• Activity: Keeping every character in place, output all the data.
◆ ◆ ◆
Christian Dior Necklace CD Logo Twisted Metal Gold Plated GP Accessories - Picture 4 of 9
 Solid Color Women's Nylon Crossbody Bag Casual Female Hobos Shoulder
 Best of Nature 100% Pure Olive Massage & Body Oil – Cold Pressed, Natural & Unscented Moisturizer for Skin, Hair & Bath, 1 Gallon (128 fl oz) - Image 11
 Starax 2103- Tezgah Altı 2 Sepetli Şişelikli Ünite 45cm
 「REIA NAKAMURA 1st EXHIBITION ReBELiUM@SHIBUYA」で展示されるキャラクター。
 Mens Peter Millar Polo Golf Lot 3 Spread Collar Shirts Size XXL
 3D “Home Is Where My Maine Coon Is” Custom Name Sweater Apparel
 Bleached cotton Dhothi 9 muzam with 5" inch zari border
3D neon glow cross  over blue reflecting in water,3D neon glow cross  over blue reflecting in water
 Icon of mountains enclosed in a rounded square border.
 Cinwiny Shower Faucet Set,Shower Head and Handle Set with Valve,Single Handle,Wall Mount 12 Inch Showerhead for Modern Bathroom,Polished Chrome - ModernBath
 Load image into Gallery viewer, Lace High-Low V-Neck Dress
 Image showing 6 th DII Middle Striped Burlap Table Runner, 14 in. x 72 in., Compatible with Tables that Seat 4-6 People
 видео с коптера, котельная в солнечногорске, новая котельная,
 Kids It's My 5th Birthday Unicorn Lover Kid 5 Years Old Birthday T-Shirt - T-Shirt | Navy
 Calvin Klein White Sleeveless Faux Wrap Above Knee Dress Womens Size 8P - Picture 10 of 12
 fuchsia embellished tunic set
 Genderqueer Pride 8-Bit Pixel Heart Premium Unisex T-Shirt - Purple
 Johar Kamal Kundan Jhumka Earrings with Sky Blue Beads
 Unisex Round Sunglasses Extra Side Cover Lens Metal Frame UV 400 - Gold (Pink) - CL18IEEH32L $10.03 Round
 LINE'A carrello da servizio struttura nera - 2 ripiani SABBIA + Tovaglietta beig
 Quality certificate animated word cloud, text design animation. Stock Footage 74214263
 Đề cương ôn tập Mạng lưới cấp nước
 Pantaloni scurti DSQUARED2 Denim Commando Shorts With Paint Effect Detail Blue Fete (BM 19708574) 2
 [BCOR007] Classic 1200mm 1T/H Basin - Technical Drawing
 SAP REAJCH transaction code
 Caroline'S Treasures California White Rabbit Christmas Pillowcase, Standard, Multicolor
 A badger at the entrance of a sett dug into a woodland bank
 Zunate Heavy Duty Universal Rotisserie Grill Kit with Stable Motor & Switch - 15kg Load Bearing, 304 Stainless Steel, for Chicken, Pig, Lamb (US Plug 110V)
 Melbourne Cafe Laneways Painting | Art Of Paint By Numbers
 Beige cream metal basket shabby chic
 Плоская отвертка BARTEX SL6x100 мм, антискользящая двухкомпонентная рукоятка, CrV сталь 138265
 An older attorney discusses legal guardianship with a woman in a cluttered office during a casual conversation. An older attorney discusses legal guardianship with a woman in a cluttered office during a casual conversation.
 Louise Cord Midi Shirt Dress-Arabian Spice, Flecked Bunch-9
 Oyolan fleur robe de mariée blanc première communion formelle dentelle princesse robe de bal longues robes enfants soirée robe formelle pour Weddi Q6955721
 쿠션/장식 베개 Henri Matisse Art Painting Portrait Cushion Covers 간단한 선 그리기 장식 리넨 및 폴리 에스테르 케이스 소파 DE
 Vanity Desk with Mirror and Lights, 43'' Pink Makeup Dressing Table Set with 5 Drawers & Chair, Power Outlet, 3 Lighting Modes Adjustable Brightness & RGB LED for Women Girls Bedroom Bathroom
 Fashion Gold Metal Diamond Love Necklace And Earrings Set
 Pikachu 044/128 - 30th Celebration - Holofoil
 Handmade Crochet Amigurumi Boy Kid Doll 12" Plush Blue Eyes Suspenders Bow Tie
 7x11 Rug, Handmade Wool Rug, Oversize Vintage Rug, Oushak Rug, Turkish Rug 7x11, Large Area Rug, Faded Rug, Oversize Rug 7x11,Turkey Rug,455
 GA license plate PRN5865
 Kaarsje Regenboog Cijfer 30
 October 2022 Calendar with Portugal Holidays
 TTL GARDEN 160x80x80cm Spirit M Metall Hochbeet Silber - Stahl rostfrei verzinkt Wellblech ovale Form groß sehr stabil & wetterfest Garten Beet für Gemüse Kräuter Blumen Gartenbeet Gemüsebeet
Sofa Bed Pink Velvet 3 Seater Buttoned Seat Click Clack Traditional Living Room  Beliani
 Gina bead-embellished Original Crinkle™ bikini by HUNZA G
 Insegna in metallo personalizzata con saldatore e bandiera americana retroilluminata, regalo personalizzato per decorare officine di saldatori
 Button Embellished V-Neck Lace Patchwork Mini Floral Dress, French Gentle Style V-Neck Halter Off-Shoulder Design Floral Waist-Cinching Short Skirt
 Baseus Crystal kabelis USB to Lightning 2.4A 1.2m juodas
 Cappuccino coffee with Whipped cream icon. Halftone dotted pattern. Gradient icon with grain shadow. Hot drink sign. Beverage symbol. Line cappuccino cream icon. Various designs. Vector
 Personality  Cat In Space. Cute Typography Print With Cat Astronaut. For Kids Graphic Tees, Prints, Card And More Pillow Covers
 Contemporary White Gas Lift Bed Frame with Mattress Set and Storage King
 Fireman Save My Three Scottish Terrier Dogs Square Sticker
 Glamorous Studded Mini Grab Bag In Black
◆ ◆ ◆
• Expected answer:
Christian Dior Necklace CD Logo Twisted Metal Gold Plated GP Accessories - Picture 4 of 9
 Solid Color Women's Nylon Crossbody Bag Casual Female Hobos Shoulder
 Best of Nature 100% Pure Olive Massage & Body Oil – Cold Pressed, Natural & Unscented Moisturizer for Skin, Hair & Bath, 1 Gallon (128 fl oz) - Image 11
 Starax 2103- Tezgah Altı 2 Sepetli Şişelikli Ünite 45cm
 「REIA NAKAMURA 1st EXHIBITION ReBELiUM@SHIBUYA」で展示されるキャラクター。
 Mens Peter Millar Polo Golf Lot 3 Spread Collar Shirts Size XXL
 3D “Home Is Where My Maine Coon Is” Custom Name Sweater Apparel
 Bleached cotton Dhothi 9 muzam with 5" inch zari border
3D neon glow cross  over blue reflecting in water,3D neon glow cross  over blue reflecting in water
 Icon of mountains enclosed in a rounded square border.
 Cinwiny Shower Faucet Set,Shower Head and Handle Set with Valve,Single Handle,Wall Mount 12 Inch Showerhead for Modern Bathroom,Polished Chrome - ModernBath
 Load image into Gallery viewer, Lace High-Low V-Neck Dress
 Image showing 6 th DII Middle Striped Burlap Table Runner, 14 in. x 72 in., Compatible with Tables that Seat 4-6 People
 видео с коптера, котельная в солнечногорске, новая котельная,
 Kids It's My 5th Birthday Unicorn Lover Kid 5 Years Old Birthday T-Shirt - T-Shirt | Navy
 Calvin Klein White Sleeveless Faux Wrap Above Knee Dress Womens Size 8P - Picture 10 of 12
 fuchsia embellished tunic set
 Genderqueer Pride 8-Bit Pixel Heart Premium Unisex T-Shirt - Purple
 Johar Kamal Kundan Jhumka Earrings with Sky Blue Beads
 Unisex Round Sunglasses Extra Side Cover Lens Metal Frame UV 400 - Gold (Pink) - CL18IEEH32L $10.03 Round
 LINE'A carrello da servizio struttura nera - 2 ripiani SABBIA + Tovaglietta beig
 Quality certificate animated word cloud, text design animation. Stock Footage 74214263
 Đề cương ôn tập Mạng lưới cấp nước
 Pantaloni scurti DSQUARED2 Denim Commando Shorts With Paint Effect Detail Blue Fete (BM 19708574) 2
 [BCOR007] Classic 1200mm 1T/H Basin - Technical Drawing
 SAP REAJCH transaction code
 Caroline'S Treasures California White Rabbit Christmas Pillowcase, Standard, Multicolor
 A badger at the entrance of a sett dug into a woodland bank
 Zunate Heavy Duty Universal Rotisserie Grill Kit with Stable Motor & Switch - 15kg Load Bearing, 304 Stainless Steel, for Chicken, Pig, Lamb (US Plug 110V)
 Melbourne Cafe Laneways Painting | Art Of Paint By Numbers
 Beige cream metal basket shabby chic
 Плоская отвертка BARTEX SL6x100 мм, антискользящая двухкомпонентная рукоятка, CrV сталь 138265
 An older attorney discusses legal guardianship with a woman in a cluttered office during a casual conversation. An older attorney discusses legal guardianship with a woman in a cluttered office during a casual conversation.
 Louise Cord Midi Shirt Dress-Arabian Spice, Flecked Bunch-9
 Oyolan fleur robe de mariée blanc première communion formelle dentelle princesse robe de bal longues robes enfants soirée robe formelle pour Weddi Q6955721
 쿠션/장식 베개 Henri Matisse Art Painting Portrait Cushion Covers 간단한 선 그리기 장식 리넨 및 폴리 에스테르 케이스 소파 DE
 Vanity Desk with Mirror and Lights, 43'' Pink Makeup Dressing Table Set with 5 Drawers & Chair, Power Outlet, 3 Lighting Modes Adjustable Brightness & RGB LED for Women Girls Bedroom Bathroom
 Fashion Gold Metal Diamond Love Necklace And Earrings Set
 Pikachu 044/128 - 30th Celebration - Holofoil
 Handmade Crochet Amigurumi Boy Kid Doll 12" Plush Blue Eyes Suspenders Bow Tie
 7x11 Rug, Handmade Wool Rug, Oversize Vintage Rug, Oushak Rug, Turkish Rug 7x11, Large Area Rug, Faded Rug, Oversize Rug 7x11,Turkey Rug,455
 GA license plate PRN5865
 Kaarsje Regenboog Cijfer 30
 October 2022 Calendar with Portugal Holidays
 TTL GARDEN 160x80x80cm Spirit M Metall Hochbeet Silber - Stahl rostfrei verzinkt Wellblech ovale Form groß sehr stabil & wetterfest Garten Beet für Gemüse Kräuter Blumen Gartenbeet Gemüsebeet
Sofa Bed Pink Velvet 3 Seater Buttoned Seat Click Clack Traditional Living Room  Beliani
 Gina bead-embellished Original Crinkle™ bikini by HUNZA G
 Insegna in metallo personalizzata con saldatore e bandiera americana retroilluminata, regalo personalizzato per decorare officine di saldatori
 Button Embellished V-Neck Lace Patchwork Mini Floral Dress, French Gentle Style V-Neck Halter Off-Shoulder Design Floral Waist-Cinching Short Skirt
 Baseus Crystal kabelis USB to Lightning 2.4A 1.2m juodas
 Cappuccino coffee with Whipped cream icon. Halftone dotted pattern. Gradient icon with grain shadow. Hot drink sign. Beverage symbol. Line cappuccino cream icon. Various designs. Vector
 Personality  Cat In Space. Cute Typography Print With Cat Astronaut. For Kids Graphic Tees, Prints, Card And More Pillow Covers
 Contemporary White Gas Lift Bed Frame with Mattress Set and Storage King
 Fireman Save My Three Scottish Terrier Dogs Square Sticker
 Glamorous Studded Mini Grab Bag In Black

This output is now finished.